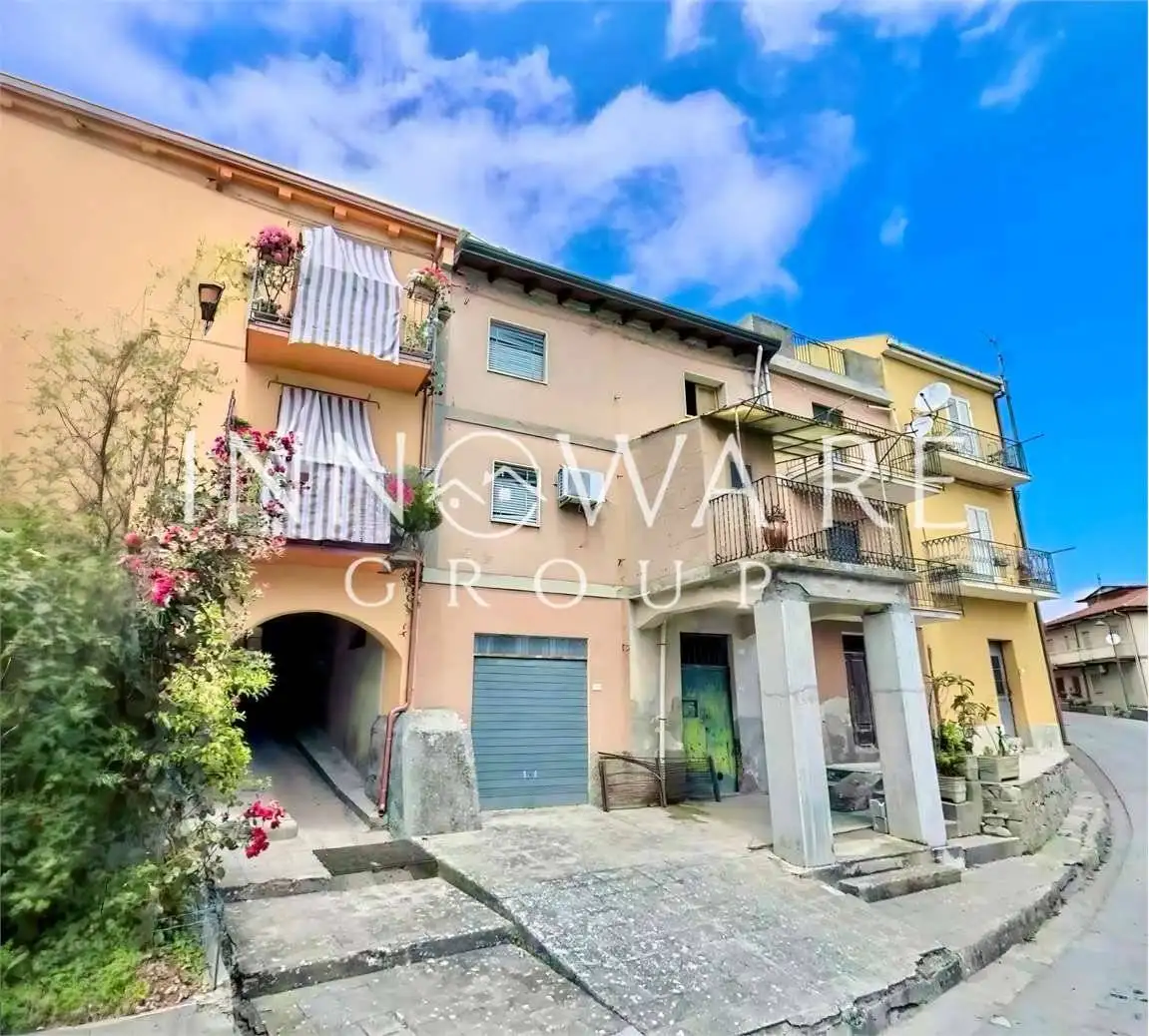 Palazzo - Edificio in vendita a San Salvatore di Fitalia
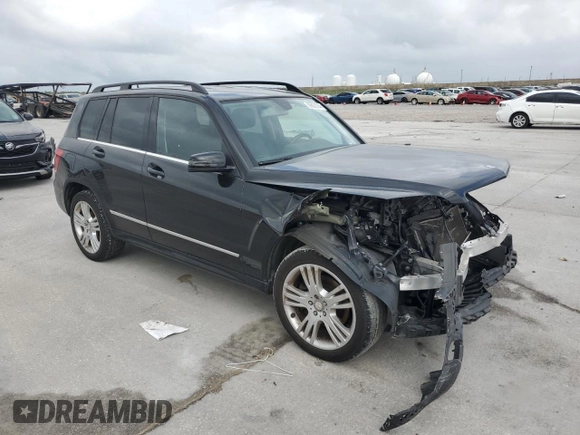 2015 Mercedes-Benz GLK 350 with VIN WDCGG5HB4FG441590, listed as a Copart auction lot 59822584 with 124,186 mi miles and Salvage Title. Bid and sale history available at DreamBid. Image 4.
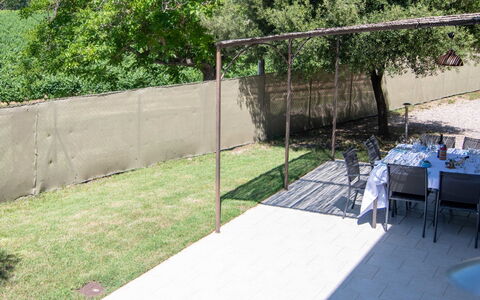 Les Restanques: Propriété, Plante, Chaise, Arbre, Table, Ombre, Mobilier De Jardin, Tableau De Plein Air, Herbe, Design Urbain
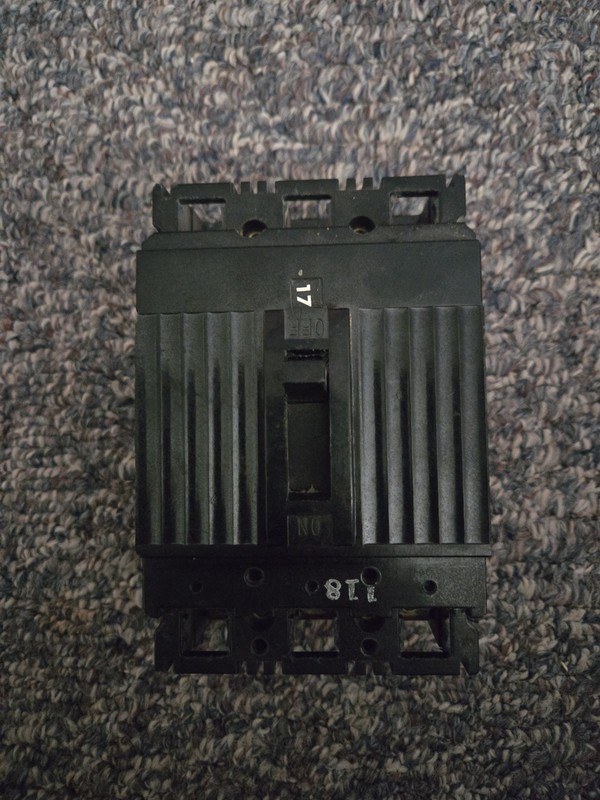 💥GE GENERAL ELECTRIC 20 AMP CIRCUIT BREAKER 3 POLE 240 VAC TEF134020 KF-988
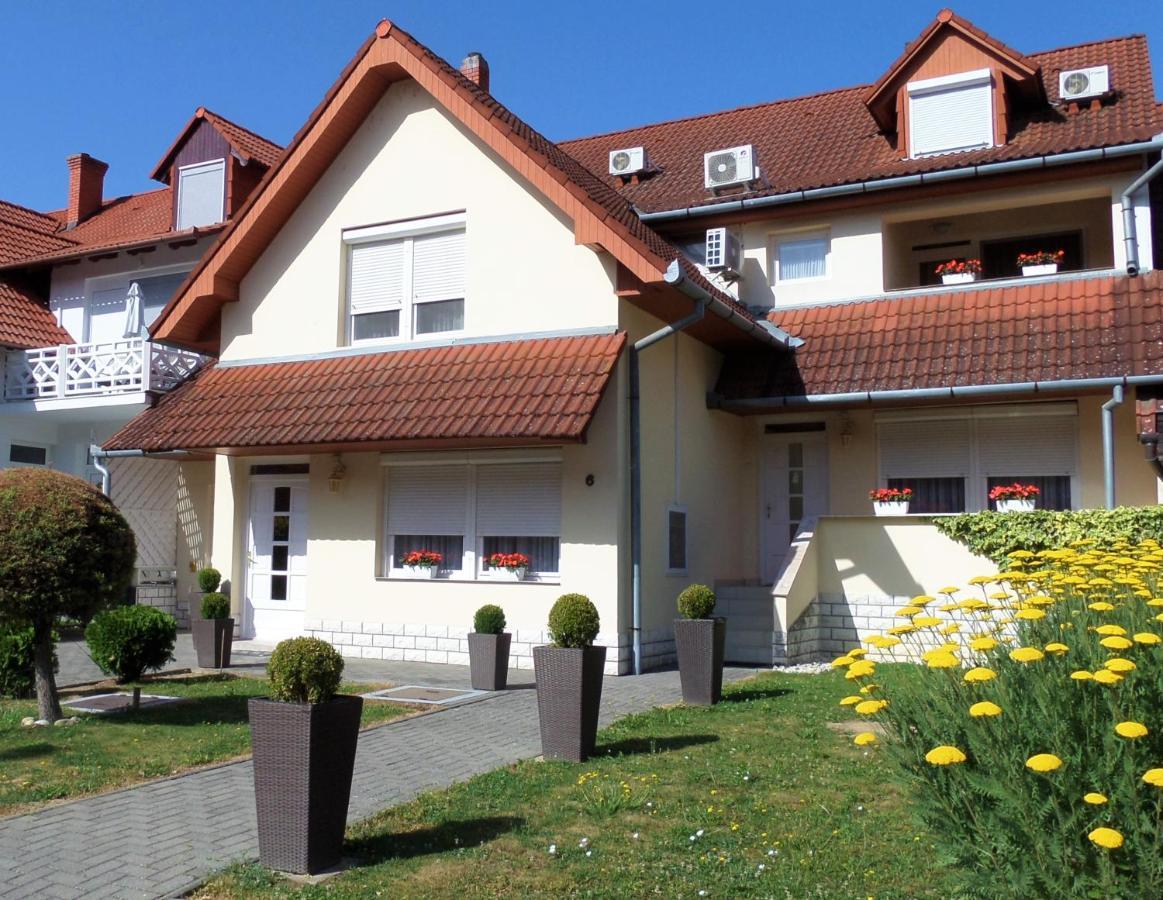 Silent Apartmanhaz Harkány Exterior foto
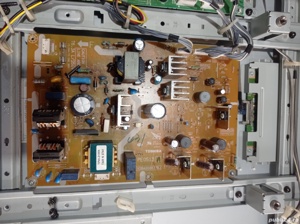 sursa pe0513 v28a000677b1 de pe tv Toshiba 32av500p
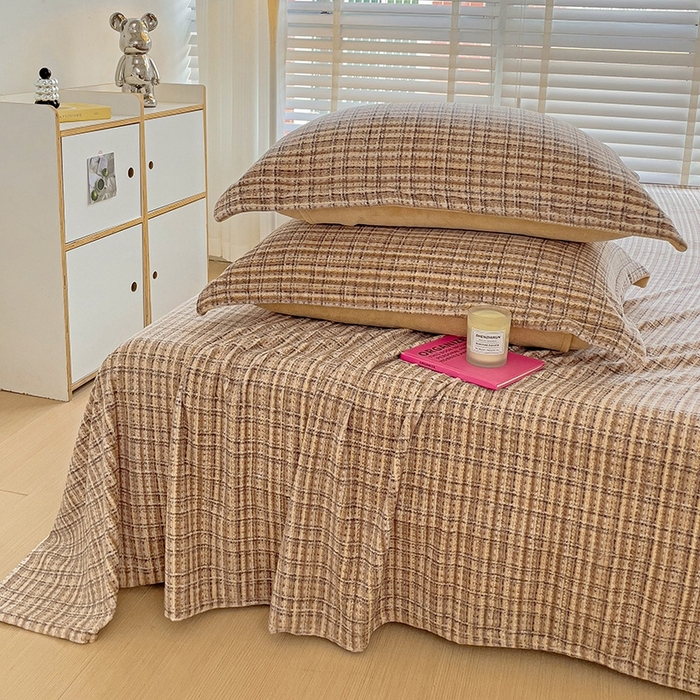 91家纺网 家纺一手货源 找家纺 简一 2024新款牛奶绒无印风ins风方格系列-单枕套 小香风荆棘-浅咖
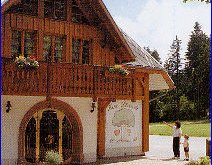 Gasthaus „Zur Staude“ bei der weltgrößten Kuckucksuhr in Triberg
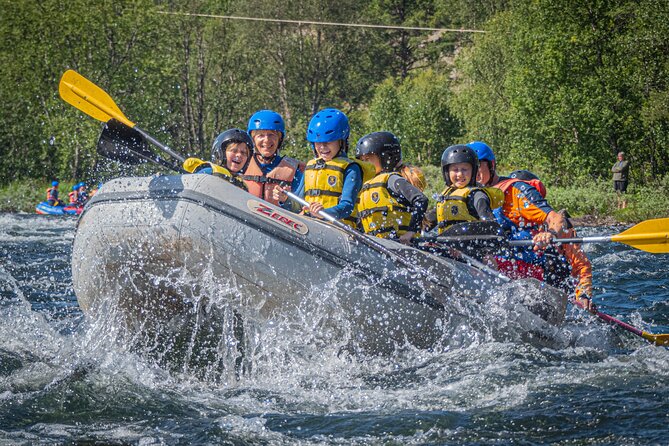Family-Friendly Whitewater Rafting Experience - level 1 - What Makes This Tour Suitable for Families?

__________________________________________________

Restate word for word, please, the line containing "Kuckucksuhr in Triberg" and all lines after it through the end of the material; the pictures do not belong in the copy.

▶ [Solution for this task]
 Gasthaus „Zur Staude“ bei der weltgrößten Kuckucksuhr in Triberg
Family-Friendly Whitewater Rafting Experience - level 1 - What Makes This Tour Suitable for Families?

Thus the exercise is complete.